→ WORK TO COMPLETE: Copy out each line of the material in which the word "Nissan" can be found.

=== Section Start ===

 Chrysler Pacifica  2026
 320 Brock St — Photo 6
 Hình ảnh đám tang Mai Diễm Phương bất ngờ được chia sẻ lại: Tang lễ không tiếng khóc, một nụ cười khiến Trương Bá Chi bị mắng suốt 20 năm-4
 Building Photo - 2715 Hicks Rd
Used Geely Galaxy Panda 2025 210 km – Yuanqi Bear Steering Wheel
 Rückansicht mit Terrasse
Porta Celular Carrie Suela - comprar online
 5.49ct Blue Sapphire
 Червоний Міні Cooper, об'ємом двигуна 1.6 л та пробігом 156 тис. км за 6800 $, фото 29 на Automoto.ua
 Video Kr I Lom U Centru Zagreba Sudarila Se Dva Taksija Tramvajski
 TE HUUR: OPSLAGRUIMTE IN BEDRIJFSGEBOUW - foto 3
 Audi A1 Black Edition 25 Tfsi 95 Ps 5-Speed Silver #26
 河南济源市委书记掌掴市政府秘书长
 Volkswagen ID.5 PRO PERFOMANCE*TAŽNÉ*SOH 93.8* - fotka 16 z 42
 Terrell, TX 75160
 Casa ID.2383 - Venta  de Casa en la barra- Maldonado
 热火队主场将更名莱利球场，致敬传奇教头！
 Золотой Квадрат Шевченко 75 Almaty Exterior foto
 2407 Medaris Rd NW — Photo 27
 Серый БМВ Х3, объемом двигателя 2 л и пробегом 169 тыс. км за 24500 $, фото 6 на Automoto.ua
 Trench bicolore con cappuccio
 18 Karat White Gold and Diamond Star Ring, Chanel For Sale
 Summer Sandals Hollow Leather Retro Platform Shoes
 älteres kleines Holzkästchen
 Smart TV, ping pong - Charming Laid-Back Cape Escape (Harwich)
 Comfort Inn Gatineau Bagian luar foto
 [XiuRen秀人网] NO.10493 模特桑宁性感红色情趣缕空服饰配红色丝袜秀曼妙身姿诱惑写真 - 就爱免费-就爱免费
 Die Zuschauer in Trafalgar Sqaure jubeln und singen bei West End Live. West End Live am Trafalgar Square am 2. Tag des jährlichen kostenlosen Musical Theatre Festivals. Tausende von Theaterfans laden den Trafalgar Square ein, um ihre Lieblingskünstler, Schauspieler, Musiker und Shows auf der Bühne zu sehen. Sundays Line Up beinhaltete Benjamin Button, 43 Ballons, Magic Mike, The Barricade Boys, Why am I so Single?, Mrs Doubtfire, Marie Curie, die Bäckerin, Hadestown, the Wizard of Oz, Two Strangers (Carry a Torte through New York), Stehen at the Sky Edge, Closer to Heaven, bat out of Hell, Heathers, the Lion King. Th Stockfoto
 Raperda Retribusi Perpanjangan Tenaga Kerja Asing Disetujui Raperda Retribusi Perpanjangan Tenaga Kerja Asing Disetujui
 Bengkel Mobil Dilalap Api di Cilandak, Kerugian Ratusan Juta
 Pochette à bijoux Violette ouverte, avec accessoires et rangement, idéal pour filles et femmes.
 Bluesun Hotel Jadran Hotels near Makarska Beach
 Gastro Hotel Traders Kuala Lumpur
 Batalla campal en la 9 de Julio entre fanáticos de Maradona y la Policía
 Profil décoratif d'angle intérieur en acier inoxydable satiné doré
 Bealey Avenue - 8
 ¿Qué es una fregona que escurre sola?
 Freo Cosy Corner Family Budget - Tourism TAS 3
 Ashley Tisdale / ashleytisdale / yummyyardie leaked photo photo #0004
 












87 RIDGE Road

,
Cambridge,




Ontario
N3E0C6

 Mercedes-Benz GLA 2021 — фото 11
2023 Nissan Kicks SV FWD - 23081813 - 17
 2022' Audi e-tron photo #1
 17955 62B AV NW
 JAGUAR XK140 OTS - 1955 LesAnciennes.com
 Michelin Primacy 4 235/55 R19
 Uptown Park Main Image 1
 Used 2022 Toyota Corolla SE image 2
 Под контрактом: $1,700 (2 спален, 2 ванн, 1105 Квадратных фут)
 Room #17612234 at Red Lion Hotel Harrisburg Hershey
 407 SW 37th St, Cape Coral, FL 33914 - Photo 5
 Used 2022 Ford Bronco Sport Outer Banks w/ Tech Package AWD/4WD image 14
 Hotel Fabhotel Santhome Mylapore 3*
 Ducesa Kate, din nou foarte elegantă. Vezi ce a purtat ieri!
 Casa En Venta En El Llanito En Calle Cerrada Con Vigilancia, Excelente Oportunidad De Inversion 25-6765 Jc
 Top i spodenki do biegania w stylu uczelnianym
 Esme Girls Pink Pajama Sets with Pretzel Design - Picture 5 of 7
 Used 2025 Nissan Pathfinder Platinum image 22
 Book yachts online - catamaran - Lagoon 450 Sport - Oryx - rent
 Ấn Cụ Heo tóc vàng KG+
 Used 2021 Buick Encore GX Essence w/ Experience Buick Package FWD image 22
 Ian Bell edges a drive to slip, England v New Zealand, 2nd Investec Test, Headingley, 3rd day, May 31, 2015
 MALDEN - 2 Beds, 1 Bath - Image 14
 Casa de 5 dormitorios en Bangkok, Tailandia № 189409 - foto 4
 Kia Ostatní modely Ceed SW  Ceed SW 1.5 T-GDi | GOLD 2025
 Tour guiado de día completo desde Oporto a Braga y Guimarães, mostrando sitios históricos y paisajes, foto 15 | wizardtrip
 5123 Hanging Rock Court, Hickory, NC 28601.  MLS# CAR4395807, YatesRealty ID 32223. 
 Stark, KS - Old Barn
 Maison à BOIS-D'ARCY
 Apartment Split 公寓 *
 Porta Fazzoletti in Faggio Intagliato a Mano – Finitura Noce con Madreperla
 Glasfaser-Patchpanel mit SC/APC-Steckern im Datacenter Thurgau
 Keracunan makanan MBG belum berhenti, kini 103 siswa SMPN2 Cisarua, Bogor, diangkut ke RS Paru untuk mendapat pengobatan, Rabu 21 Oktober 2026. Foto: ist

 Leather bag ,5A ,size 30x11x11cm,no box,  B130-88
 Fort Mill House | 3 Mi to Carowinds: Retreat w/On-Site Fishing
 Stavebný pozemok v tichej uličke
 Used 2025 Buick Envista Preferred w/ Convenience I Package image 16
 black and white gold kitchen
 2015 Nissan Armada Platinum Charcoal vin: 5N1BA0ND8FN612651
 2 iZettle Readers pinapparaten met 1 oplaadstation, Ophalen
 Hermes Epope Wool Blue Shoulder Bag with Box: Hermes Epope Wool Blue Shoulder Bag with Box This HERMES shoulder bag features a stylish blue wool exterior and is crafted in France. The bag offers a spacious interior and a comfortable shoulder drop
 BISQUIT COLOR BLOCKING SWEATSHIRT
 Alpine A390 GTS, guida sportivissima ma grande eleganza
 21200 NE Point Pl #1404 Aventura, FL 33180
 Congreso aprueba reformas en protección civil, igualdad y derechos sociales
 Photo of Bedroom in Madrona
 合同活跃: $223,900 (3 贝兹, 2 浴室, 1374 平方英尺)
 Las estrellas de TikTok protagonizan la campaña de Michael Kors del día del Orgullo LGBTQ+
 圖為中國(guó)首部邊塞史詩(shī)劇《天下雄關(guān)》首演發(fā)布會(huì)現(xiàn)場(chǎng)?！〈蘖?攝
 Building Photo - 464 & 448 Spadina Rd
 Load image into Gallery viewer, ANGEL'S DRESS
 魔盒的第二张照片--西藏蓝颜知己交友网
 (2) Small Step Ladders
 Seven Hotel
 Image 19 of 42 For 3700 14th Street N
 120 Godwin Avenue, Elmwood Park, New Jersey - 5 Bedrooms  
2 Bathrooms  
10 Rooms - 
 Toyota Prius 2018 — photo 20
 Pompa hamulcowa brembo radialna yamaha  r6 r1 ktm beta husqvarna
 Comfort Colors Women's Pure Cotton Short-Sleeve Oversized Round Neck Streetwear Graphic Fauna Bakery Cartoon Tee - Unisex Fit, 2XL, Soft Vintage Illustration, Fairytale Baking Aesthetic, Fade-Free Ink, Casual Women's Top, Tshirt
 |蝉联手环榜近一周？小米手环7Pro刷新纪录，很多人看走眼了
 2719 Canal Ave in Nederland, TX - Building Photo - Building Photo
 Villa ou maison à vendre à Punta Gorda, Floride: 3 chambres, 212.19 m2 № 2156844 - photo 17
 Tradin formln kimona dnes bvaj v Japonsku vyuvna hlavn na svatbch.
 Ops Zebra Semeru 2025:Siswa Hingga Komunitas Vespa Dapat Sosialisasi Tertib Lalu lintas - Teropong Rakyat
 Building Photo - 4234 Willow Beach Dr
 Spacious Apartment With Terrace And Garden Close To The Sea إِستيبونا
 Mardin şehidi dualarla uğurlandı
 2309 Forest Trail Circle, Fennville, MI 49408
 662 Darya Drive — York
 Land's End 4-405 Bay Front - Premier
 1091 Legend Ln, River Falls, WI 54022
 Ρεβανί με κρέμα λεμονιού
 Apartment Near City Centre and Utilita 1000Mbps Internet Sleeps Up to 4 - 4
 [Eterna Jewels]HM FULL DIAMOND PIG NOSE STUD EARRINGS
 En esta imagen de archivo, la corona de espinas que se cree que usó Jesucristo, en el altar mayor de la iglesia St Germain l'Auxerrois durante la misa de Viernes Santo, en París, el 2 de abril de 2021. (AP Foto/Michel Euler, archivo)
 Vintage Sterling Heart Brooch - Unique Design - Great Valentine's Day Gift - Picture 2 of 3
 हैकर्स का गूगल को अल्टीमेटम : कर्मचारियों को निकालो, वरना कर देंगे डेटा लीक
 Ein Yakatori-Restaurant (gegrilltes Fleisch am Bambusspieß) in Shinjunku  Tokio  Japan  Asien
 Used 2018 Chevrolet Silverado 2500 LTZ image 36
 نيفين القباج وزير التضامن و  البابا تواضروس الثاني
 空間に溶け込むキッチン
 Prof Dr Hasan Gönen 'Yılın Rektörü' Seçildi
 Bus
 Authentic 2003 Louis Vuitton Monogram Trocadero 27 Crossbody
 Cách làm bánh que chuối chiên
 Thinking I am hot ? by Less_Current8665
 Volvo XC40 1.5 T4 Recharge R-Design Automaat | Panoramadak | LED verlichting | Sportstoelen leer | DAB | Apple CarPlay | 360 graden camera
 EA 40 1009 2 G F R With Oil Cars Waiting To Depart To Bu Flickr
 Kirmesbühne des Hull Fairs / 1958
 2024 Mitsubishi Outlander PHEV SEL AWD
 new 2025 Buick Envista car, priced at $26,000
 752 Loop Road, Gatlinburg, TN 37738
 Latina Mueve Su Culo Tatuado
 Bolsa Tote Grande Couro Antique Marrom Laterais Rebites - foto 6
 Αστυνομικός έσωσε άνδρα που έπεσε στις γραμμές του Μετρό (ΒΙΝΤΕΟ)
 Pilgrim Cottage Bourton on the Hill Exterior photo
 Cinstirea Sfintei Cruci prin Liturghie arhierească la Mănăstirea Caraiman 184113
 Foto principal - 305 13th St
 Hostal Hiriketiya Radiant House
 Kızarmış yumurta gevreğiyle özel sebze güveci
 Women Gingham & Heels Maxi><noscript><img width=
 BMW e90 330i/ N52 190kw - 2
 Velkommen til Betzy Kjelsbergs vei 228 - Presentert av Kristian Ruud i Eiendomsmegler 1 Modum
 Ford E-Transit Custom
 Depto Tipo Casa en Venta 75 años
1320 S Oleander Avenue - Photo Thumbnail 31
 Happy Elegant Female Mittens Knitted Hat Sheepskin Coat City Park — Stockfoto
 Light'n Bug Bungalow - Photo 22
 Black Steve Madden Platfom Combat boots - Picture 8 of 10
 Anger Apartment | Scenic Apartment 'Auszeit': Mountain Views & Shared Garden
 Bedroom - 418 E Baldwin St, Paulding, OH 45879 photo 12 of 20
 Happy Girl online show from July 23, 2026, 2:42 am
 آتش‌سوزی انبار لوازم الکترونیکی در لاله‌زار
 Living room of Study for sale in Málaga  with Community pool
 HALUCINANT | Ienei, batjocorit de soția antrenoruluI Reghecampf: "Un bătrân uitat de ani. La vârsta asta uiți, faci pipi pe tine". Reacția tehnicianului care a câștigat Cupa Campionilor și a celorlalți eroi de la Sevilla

=== Section End ===

→ RESULT:
2023 Nissan Kicks SV FWD - 23081813 - 17
 Used 2025 Nissan Pathfinder Platinum image 22
 2015 Nissan Armada Platinum Charcoal vin: 5N1BA0ND8FN612651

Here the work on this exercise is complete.